(Beginning of RECORDS SHOWN)
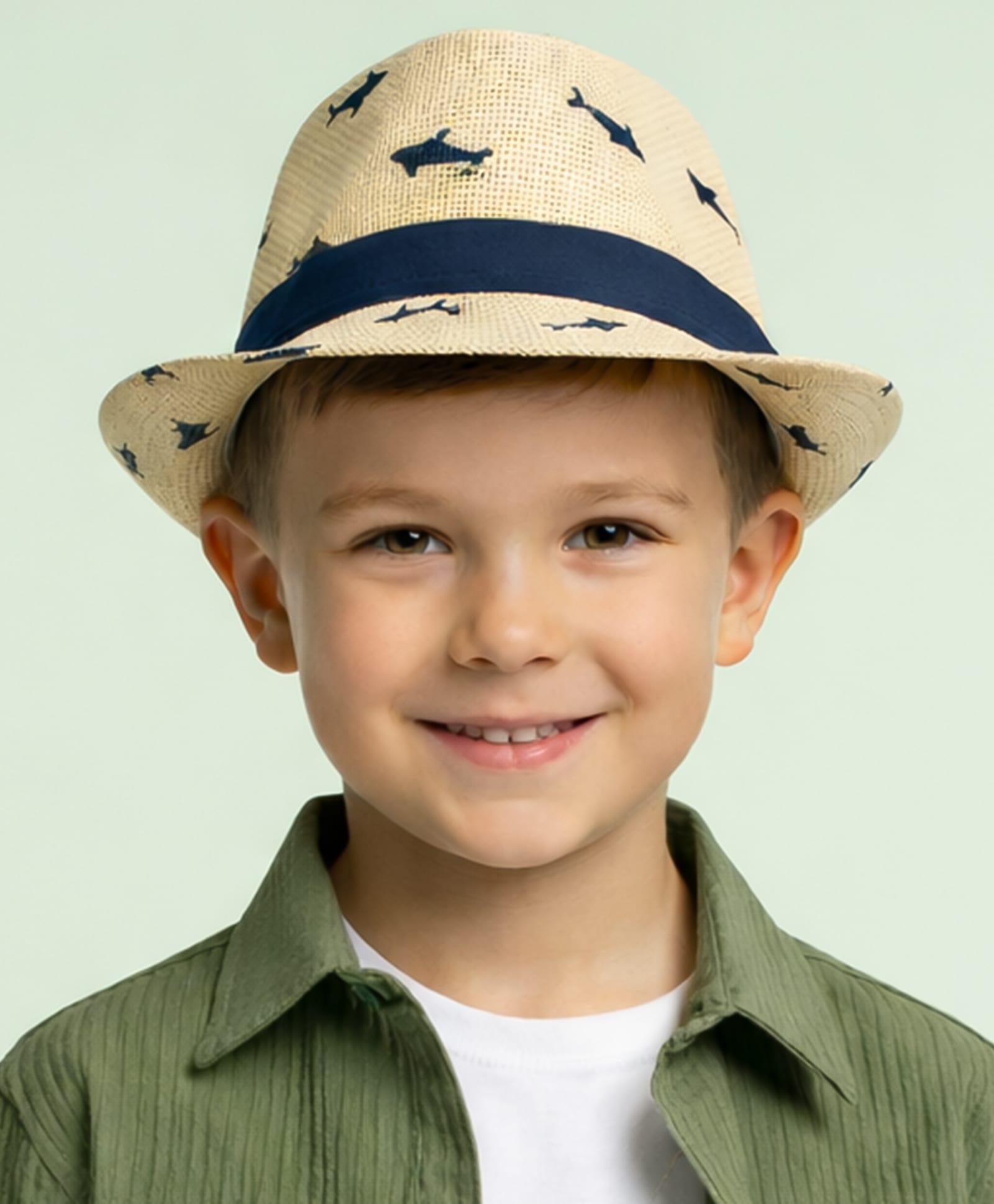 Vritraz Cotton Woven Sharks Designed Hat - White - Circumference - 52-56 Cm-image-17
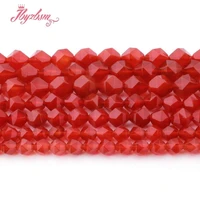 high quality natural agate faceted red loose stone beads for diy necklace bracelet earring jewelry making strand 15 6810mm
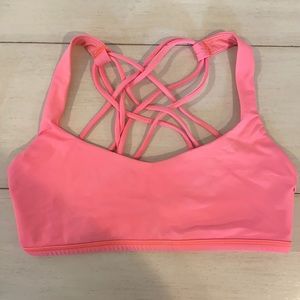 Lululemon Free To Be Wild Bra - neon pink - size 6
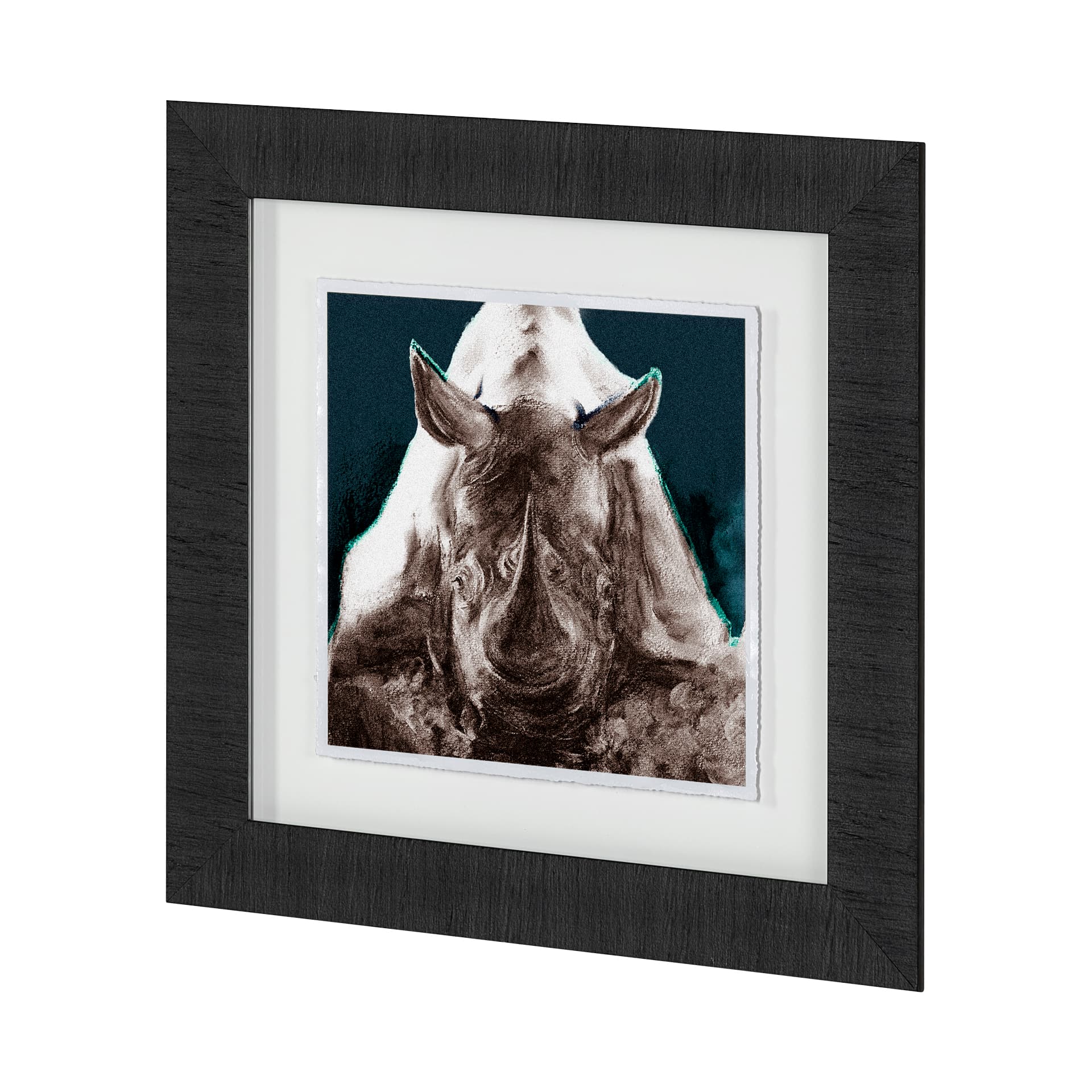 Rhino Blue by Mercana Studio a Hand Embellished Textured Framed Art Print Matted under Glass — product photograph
(End of RECORDS SHOWN)
(Beginning of RECORDS SHOWN)
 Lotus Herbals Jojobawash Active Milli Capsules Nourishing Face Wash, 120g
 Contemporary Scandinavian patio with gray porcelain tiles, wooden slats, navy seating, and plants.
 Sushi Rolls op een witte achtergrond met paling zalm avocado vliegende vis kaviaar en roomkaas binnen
(End of RECORDS SHOWN)
- _EXERCISE GOAL_
Print, exactly, each line above from the one with "Vritraz Cotton Woven" to the one with "Rhino Blue by", end lines included. Leave pictures out of it.

- _WRITTEN ANSWER_
 Vritraz Cotton Woven Sharks Designed Hat - White - Circumference - 52-56 Cm-image-17
 high quality natural agate faceted red loose stone beads for diy necklace bracelet earring jewelry making strand 15 6810mm
 Lululemon Free To Be Wild Bra - neon pink - size 6
 Rhino Blue by Mercana Studio a Hand Embellished Textured Framed Art Print Matted under Glass — product photograph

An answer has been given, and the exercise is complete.